We did not get to the ball after all, so I must teach myself not to look forward to anything but disappointment & that will come with out anticipation. Grandma is in a hurry for the light so I must stop.
Feb 17th Good bye your affec daughter Belle.
I will give you a better drawing of us in the mud.
[drawing] the bridge
[note in ink from Bernice H. Connelly Pratt to Eliza Helen Pratt Tisdale]
My dear child
We recieved your letter yesterday and was glad to hear that all were well, and also to hear that Mr. Tisdales sallary was increased, I don't know what put it into your head that Mr. Tisdale asked for that sugar he did not do it and I sent it of my own free will; you have given me many a thing and dont know how long I will or what I may need before I die; give my love to France and all the children Robert as well, I have no news,
Your aff ma
B H Pratt
[Belle's PS to Mama is on page 4 of the folded paper]
direct to Mr. W. Pratt
care P. Milletré [?]
Please send them immediately.
We have not spoken to Uncle Jene for a month; one day he & grand-pa had been in town & when they were eating supper they happened to speak of some murder that had been committed in town; & Kate as was natural asked: who was it?

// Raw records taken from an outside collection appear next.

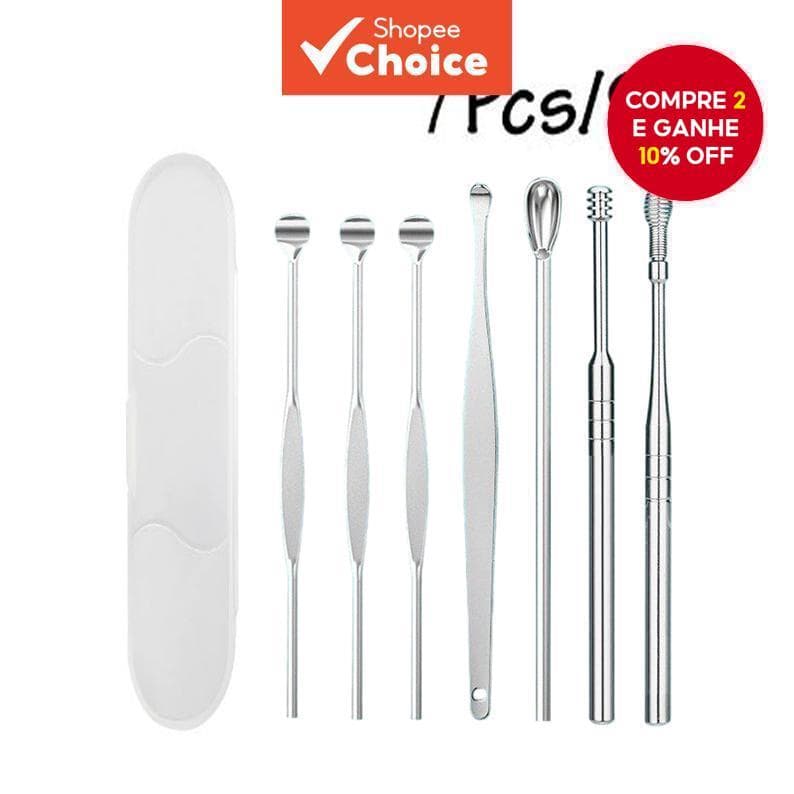 Ferramentas De Remoção De Cera De Ouvido De Aço Inoxidável De 7 Peças : Picareta E Colheres Em Espiral Para Limpeza Efic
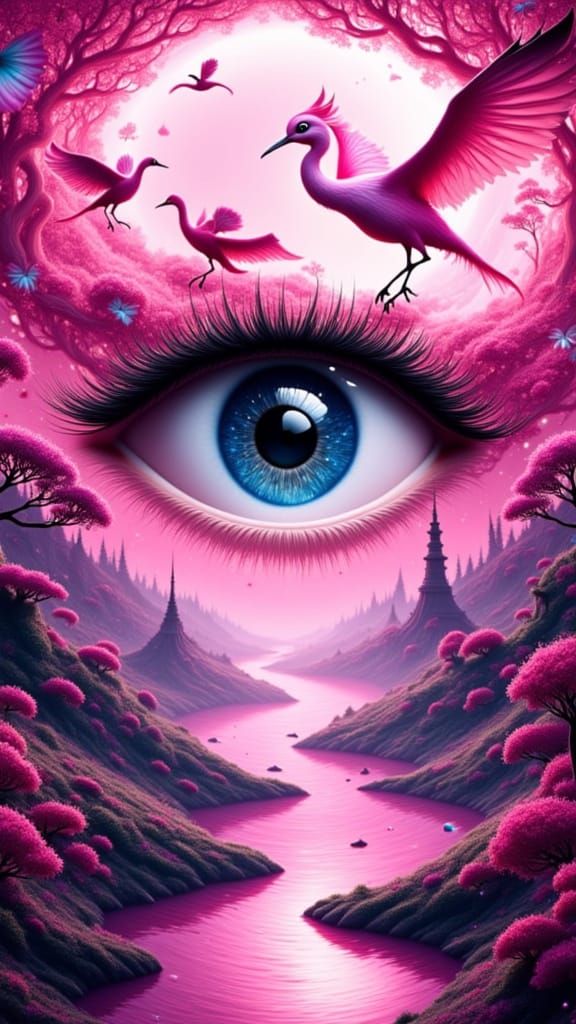 Surreal Pink Landscape with Dragon Fruit and Whale
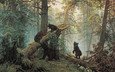 лес, иван иванович шишкин, медведи, утро в сосновом лесу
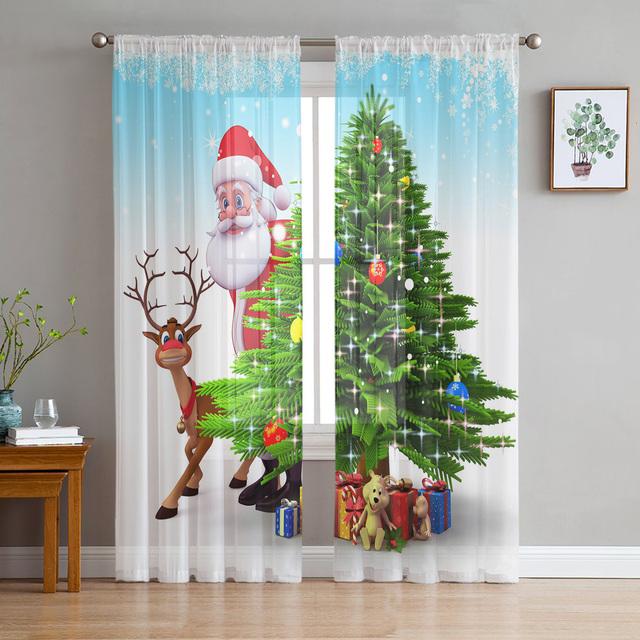 Рождественский бант, шар, рождественская елка, тюлевые шторы для украшения гостиной, современные шифоновые прозрачные вуали, рождественские шторы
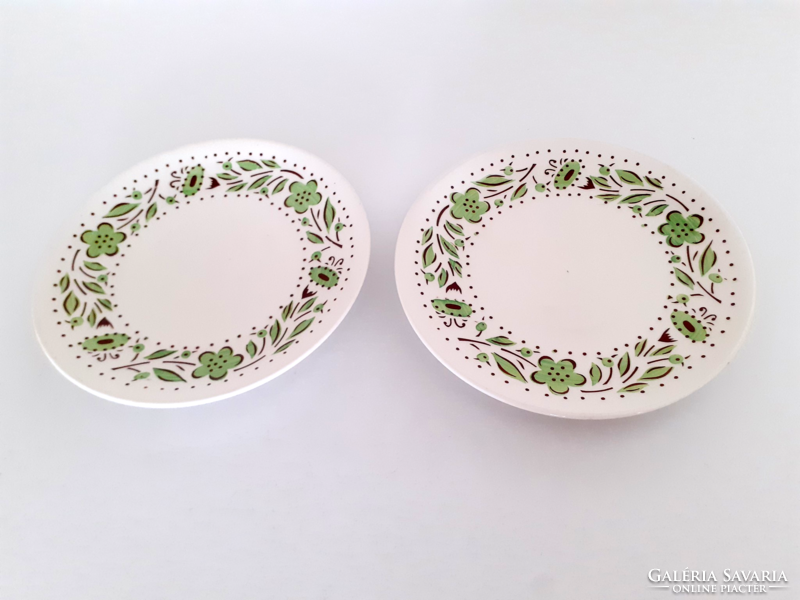 Old 2 granite small plates with green floral tea saucers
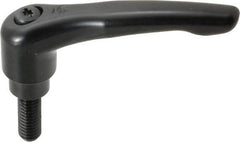 KIPP - 3/8-16, 0.83" Hub Diam, Zinc Die Cast (Steel Components) Threaded Stud Adjustable Clamping Lever - 0.98" Stud Length, 3.58" OAL, 2.15" High - Industrial Tool & Supply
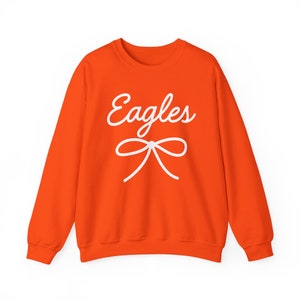 Eagles Mascot Bow Sweatshirt Eagles Shirt Eagles Crewneck Eagles Bow Shirt Eagles Sweatshirt Gameday Shirt Preppy Coquette Eagles Shirt image 4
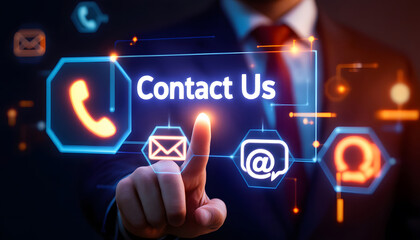 Obraz premium Contact Us Concept, Hand Pointing at Digital Contact Interface, Customer Support and Communication, Reaching Out, Digital Contact Us Interface with Icons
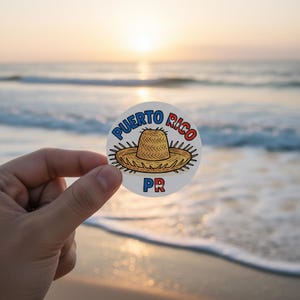 Puerto Rico Pava Sticker: Cultural PR Straw Hat Vinyl Decal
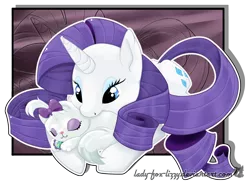 Size: 1000x731 | Tagged: safe, artist:lady-fox-lizzy, derpibooru import, opalescence, rarity, cat, pony, unicorn, adobe imageready, cute, female, mare, opalbetes, prone, raribetes, sleeping, snuggling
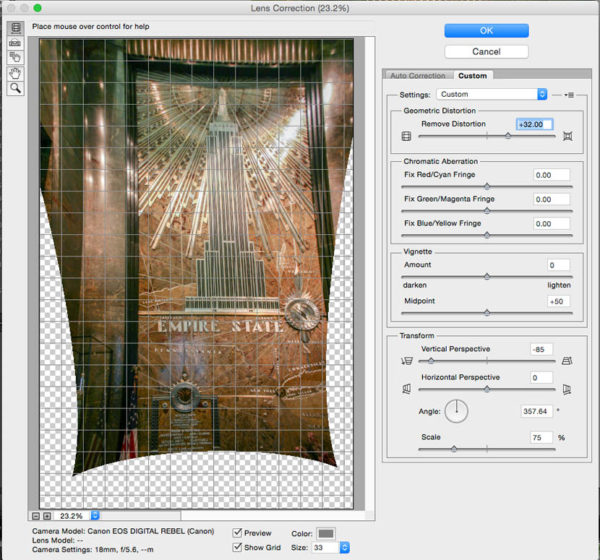Lens correction in Tutorial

Or who did it? & they both snapped her up & said: what buisness was that of hers, or something to that effect; of course she told grand-ma; then she blased away at them & said there we were working our selves to death for them, & then when we asked them a civil question we could not get a decent answer & she would be glad when we could go home & Kate could go to her ma & she would go somewhere, then they might stay here & growl & snap one another up as much as they liked; next day we spoke to him he would not answer, several times I spoke to him, he would not answer. Now he has my pride roused & I would not speak to him to save his soul.
On August 1 the 1870 census lists Belle as “Isabella” age 15 in dwelling 327 with her mother Eliza and sisters and brothers Mary, age 17; Frank, age 10; William, age 8; Olive Lee, age 6; and Robert, age 3.
In dwelling 326 are her grandparents, William, age 68, and “Bernea,” age 63, and Uncle Eugene, age 22. Aunt Albina and her husband George Durr with daughters “Bernece and Levilna” are in dwelling 328. Next in dwelling 329 is “Emmett" Craig with daughters Katie and Mary. So it appears they are all living on the Pratt's old Oakland Plantation property.
Where is Belle's father, Benjamin Franklin Tisdale? We can't find him in the 1870 census anywhere. He is listed in the 1867 and 1868 New Orleans City Directories as working for J. B. Murison at 234 Calliope Street. Belle wrote to her Papa in April 1869. We know he and Eliza were still together because two more children were yet to be born, Marion Eugene in March 1871 and Charles Harry in May 1874.